TASK OBJECTIVE
Each line of the data below that carries the word "Netanyahu" needs to be copied.
....................
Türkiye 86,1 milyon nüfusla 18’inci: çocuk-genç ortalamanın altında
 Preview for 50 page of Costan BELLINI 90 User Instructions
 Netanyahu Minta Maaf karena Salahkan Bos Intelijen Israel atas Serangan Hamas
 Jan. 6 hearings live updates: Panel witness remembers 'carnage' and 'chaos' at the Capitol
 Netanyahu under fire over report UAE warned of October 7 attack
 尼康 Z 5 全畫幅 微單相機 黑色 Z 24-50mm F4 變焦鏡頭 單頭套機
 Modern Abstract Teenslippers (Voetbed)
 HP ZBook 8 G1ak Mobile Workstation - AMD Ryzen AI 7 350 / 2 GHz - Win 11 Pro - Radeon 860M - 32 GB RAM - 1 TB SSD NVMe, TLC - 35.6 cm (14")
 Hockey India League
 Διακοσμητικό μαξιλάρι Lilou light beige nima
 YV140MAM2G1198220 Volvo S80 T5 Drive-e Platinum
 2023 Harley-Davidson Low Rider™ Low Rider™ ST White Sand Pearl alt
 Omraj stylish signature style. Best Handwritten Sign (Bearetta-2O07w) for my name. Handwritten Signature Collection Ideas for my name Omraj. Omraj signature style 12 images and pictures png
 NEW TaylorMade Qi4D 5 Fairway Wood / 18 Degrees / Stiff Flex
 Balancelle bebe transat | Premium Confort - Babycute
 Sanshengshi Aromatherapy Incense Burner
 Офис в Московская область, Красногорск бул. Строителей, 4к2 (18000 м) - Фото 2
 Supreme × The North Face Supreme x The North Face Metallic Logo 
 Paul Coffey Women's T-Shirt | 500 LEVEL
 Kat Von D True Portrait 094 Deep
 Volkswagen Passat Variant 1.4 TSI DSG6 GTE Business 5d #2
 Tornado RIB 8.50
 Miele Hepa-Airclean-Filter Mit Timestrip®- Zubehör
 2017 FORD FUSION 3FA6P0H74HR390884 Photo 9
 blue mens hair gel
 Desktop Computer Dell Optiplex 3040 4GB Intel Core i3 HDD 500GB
....................
SOLUTION TO THIS EXERCISE
 Netanyahu Minta Maaf karena Salahkan Bos Intelijen Israel atas Serangan Hamas
 Netanyahu under fire over report UAE warned of October 7 attack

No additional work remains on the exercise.